Her little brother who whimpered and moaned whenever we picked him up, and who let the other 14 puppies walk all over him. Literally. Most of the litter was smaller than our little fellow but I saw more than one of them standing on him and biting his head while he just lay there and cried.
“I think maybe he just need some love,” Soumontha said, a trifle uncertainly, as she looked at the groaning little bundle in our arms.
“What type of puppy is he?” I asked her as an afterthought.
“Oh,” she said. “Mother medium. Father large.”
As we were driving home Mike and I talked names.
We were briefly tempted to name him khao niao (sticky rice), but then I vetoed.
I liked Jabulani (which means happiness in the Zulu language), but Mike vetoed.
“We sure didn’t end up with the alpha of the litter,” Mike said, looking sideways at the tiny, motionless, bundle of fur in my lap. The puppy had stopped groaning, presumably in the hope that if he lay still enough we might forget that he existed.
“Maybe we should name him Beta,” I said.
“Maybe we should name him Zulu,” Mike said.
“He does sort of look like a lion,” I said, laughing, “a very timid little lion. But maybe he’ll turn out to be an African prince after all.”
“Oh, I was more thinking that Z is the last letter of the alphabet and I don’t think he’s the sharpest knife in the drawer,” Mike said.

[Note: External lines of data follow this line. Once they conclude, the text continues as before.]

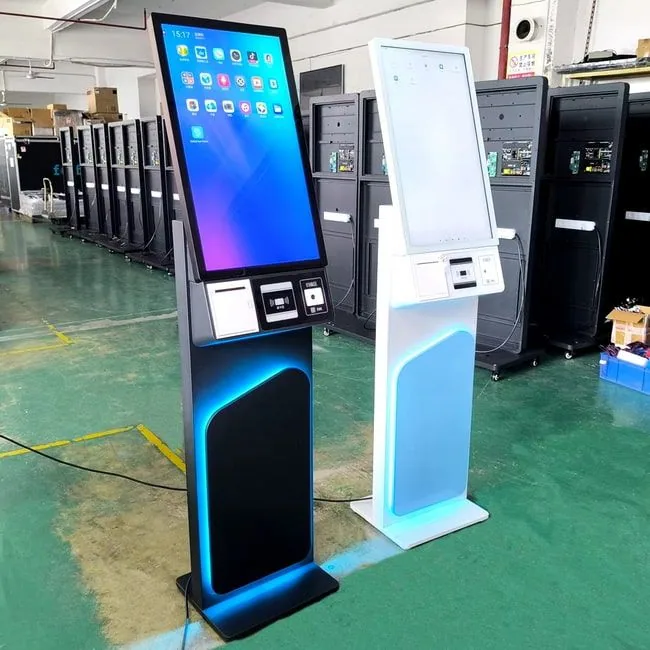 เครื่องคอมพิวเตอร์บริการตัวเอง Self Service Kiosk (KDS-017) — ภาพหลัก
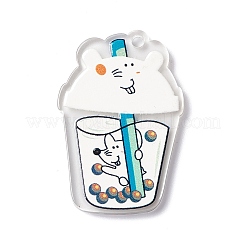 Прозрачные акриловые подвески с принтом&nbsp;TACR-G042-01B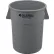 Global Industrial™ Plastic Trash Can, 32 Gallon, Gray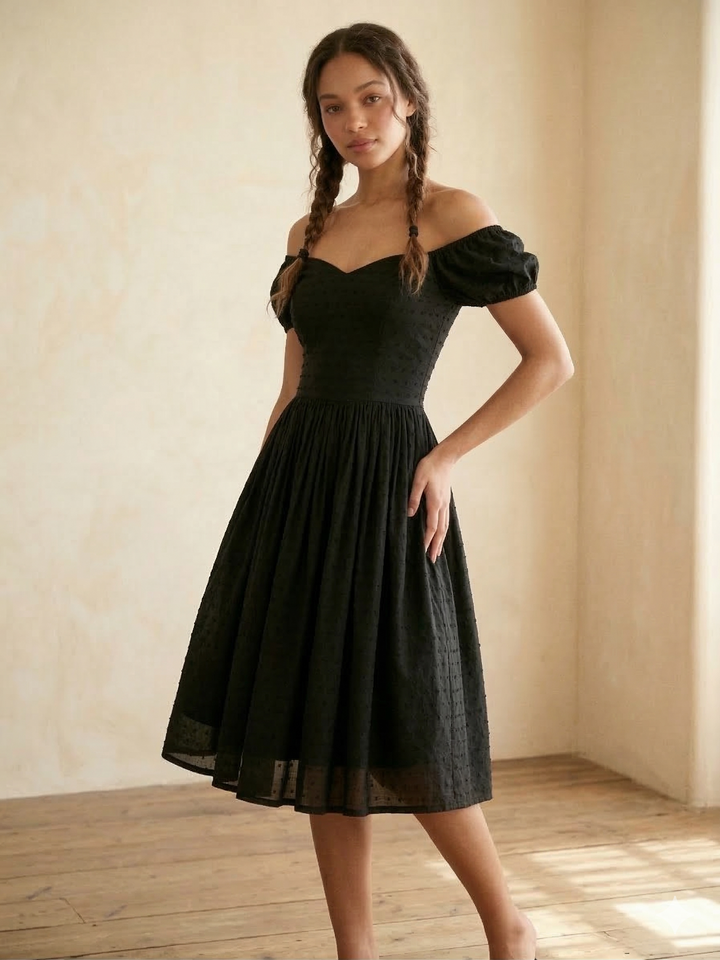 Margaret Dotted Swiss Dress
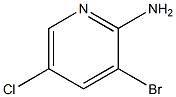 3-BroMo-5-chloro-pyridin-2-ylaMine Struktur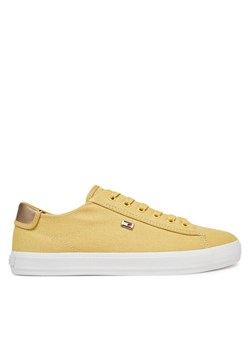 Tommy Hilfiger Tenisówki Vulc Canvas Lace Up Sneaker FW0FW08647 Żółty ze sklepu MODIVO w kategorii Trampki damskie - zdjęcie 181123308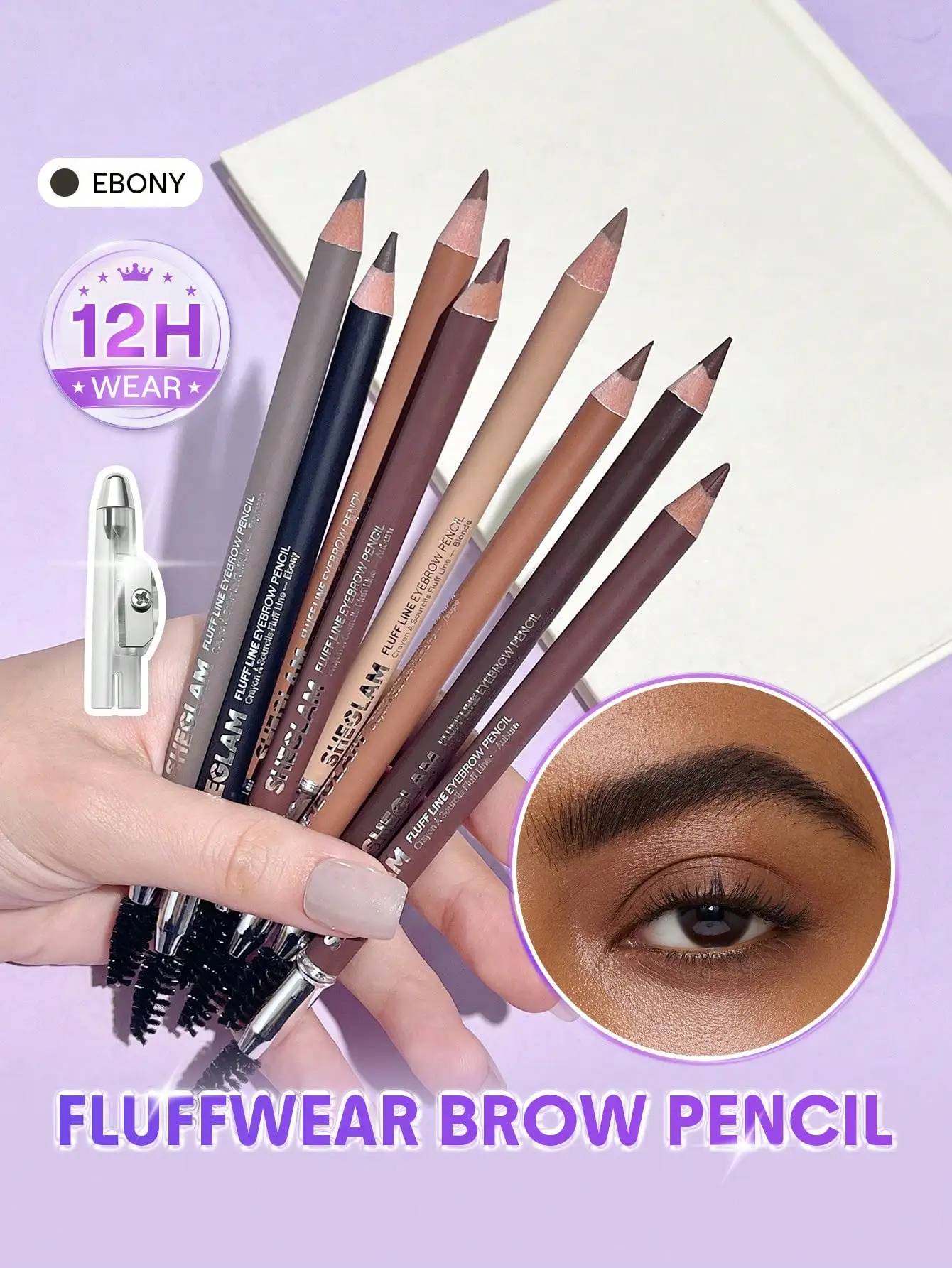 SHEGLAM Fluff Line Eyebrow Pencil-Chocolate Brow Pomade Brand Beauty Makeup Face Paint Cosmetic For Women Girls Perfect For Spring Summer Ideal For Y2K Fancy Fashion Suitable For Birthday Mother'S Day Gift Rave Festival Party Ready Best Color
SHEGLAM Fluff Line Eyebrow Pencil-Chocolate Brow Pomade Brand Beauty Makeup Face Paint Cosmetic For Women Girls Perfect For Spring Summer Ideal For Y2K Fancy Fashion Suitable For Birthday Mother'S Day Gift Rave Festival Party Ready Best Color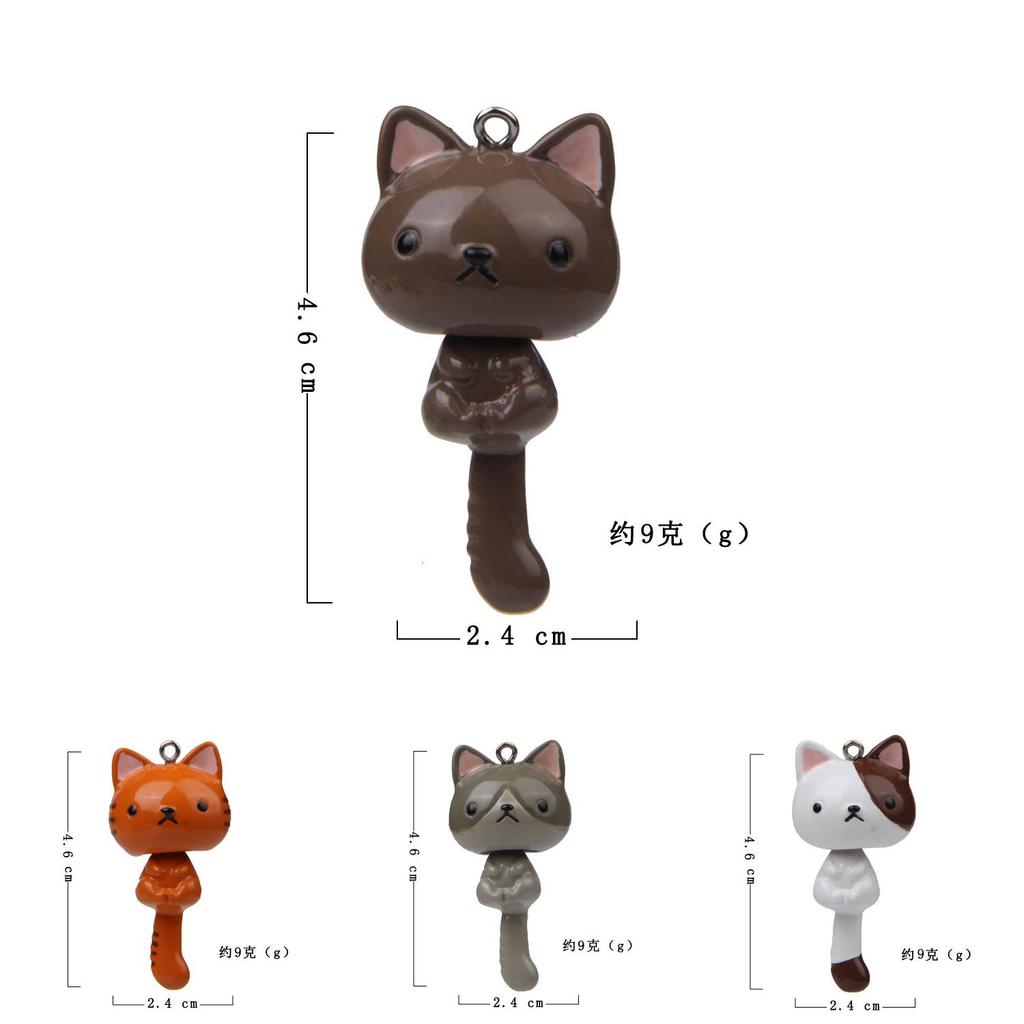Long Tail Cat Keychain With Cartoon Design For Gift Giving And Collection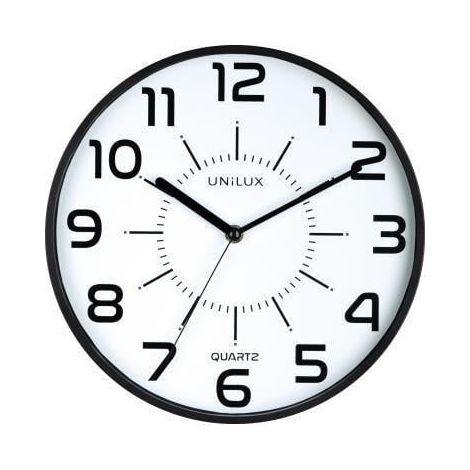 UNILUX Wanduhr POP BLACK 400094281 +Batterien schwarz (1/3)
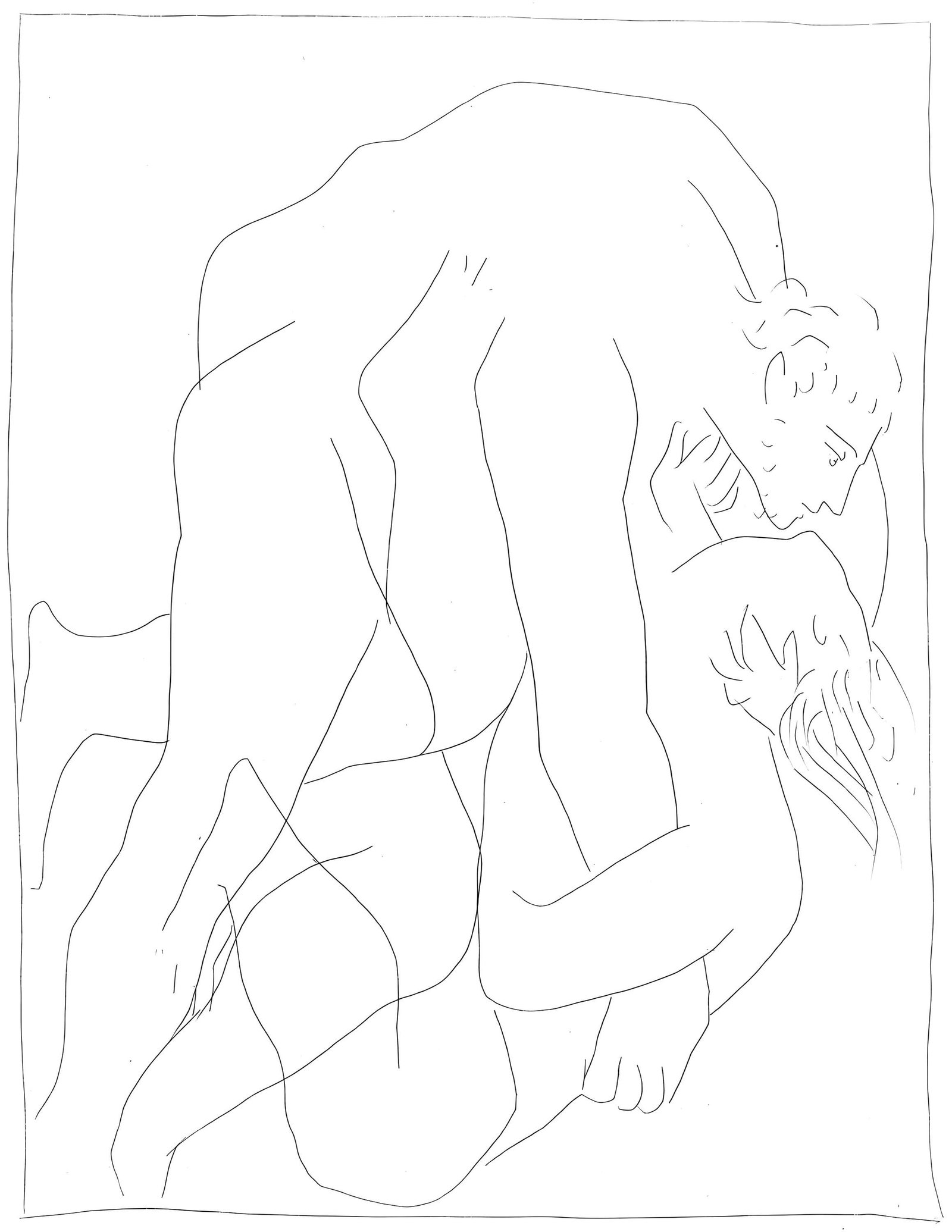 Pablo Picasso, Lutte entre Teree et sa belle-sœur Philomele, Les Metamorphoses, Limited Edition: Lithograph on velin papier Verge fin blanc des papeteries de Bellerive paper. Paper size: 11.02 x 8.66 inches. Inscription: Unsigned and unnumbered, as issued. Condition: Very good/excellent, consiste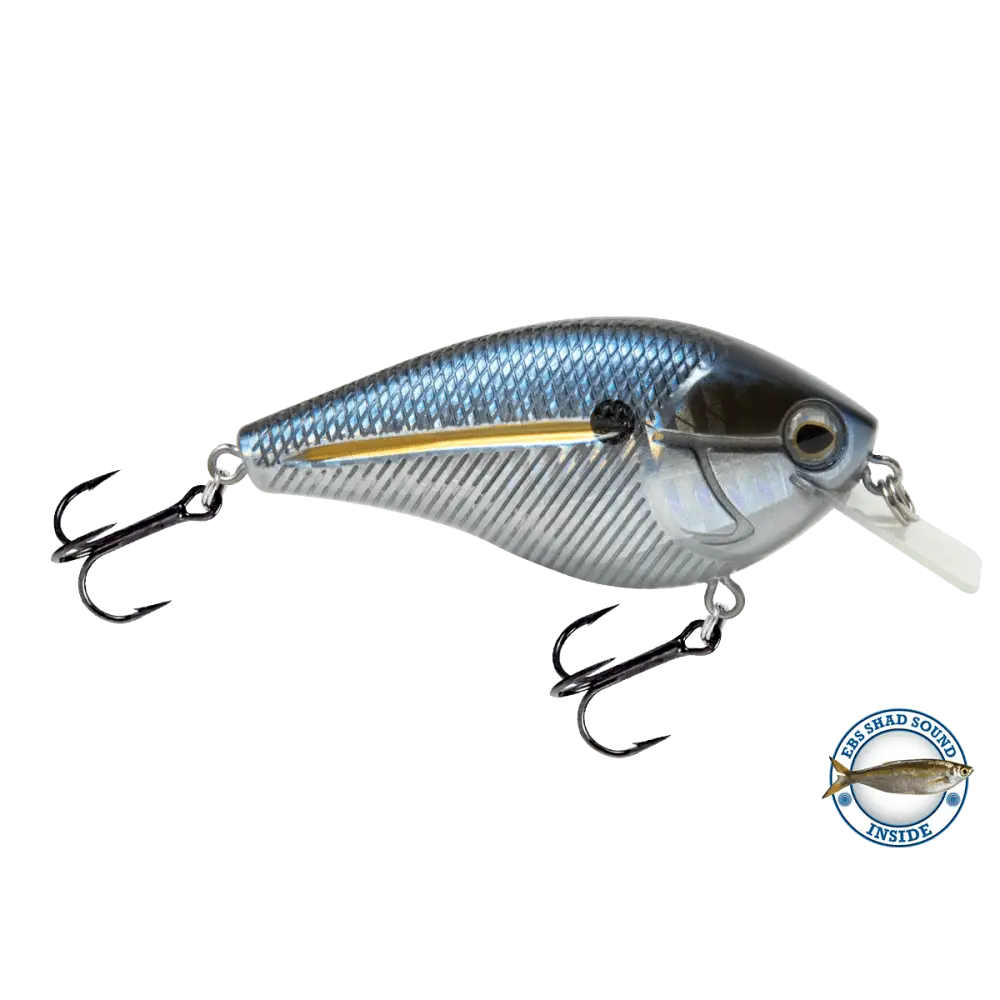 Primetyme SQ 2.0 Square Bill Crankbait – EBS Sound Technology | Color: Chartreuse Splatter Shad Back Pearl Sunrise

“He may have been standing last in line when they handed out brains in this litter?” I asked.
“Maybe,” Mike said.
“Are you going to defend yourself against this assertion?” I asked the puppy.
He rolled his eyes back and looked up at me without moving. No, he clearly wasn’t, and Zulu it was.
The first thing he did when we put him down inside the house was to go look for a hiding place. He started out behind the stairs, in among piles of my books (we’re still waiting for bookshelves to be made) and every time I went to check on him during the next three hours he’d somehow managed to worm his way further back into the stacks.
All he did all afternoon was sleep, squeak (he makes the most peculiar un-puppy like sounds), and scratch. I started to wonder whether he might be attachment disordered in addition to everything else. But perhaps he’s not as dumb as we thought he might be, because in light of the three scrubbings and the thorough de-ticking we subjected him to later in the evening his instincts to hide may have been serving him well.
Yesterday, however, after we rolled around on the floor with him, napped with him, sat outside with him, and petted him all afternoon, he started warming up to us.
“We love you,” Mike proclaimed, nose to nose with him on the floor. “You will love us.”
“You might as well give in then,” I advised Zulu. “Once Mike decides to inflict love upon you there’s nothing that can be done.”
“That’s right,” Mike said.
By last night Zulu was wagging his tale and begging loudly not to be abandoned, despite the bottle of water we’d heated up and then wrapped up in a towel to serve as a fake sibling for him. We had to bring the crate upstairs to our bedroom, where at least he slept peacefully until 5am.
“Go back to sleep, Squeaky Z,” I said, when he woke us up this morning by sounding remarkably like a large guinea pig.
Apparently my voice does not carry as much authority as Mike’s, which is why I’m yawing as I write this.
We haven’t yet figured out whether he’ll earn his name for being a princely African warrior of a dog, or a lovable and squeaky dumbo. On the one hand we’ve seen him tumble himself backwards off a ledge and into a pile of stones, and squirm under the door of his crate rather than figure out how to go around it. On the other hand, he’s already toileting outside like a champion (though I guess it’s possible he just lacks the willpower to resist Mike’s enthusiastic exhortations to, “go poo in the grass, that’s the boy!”). Either way, it’s sure fun to have him around.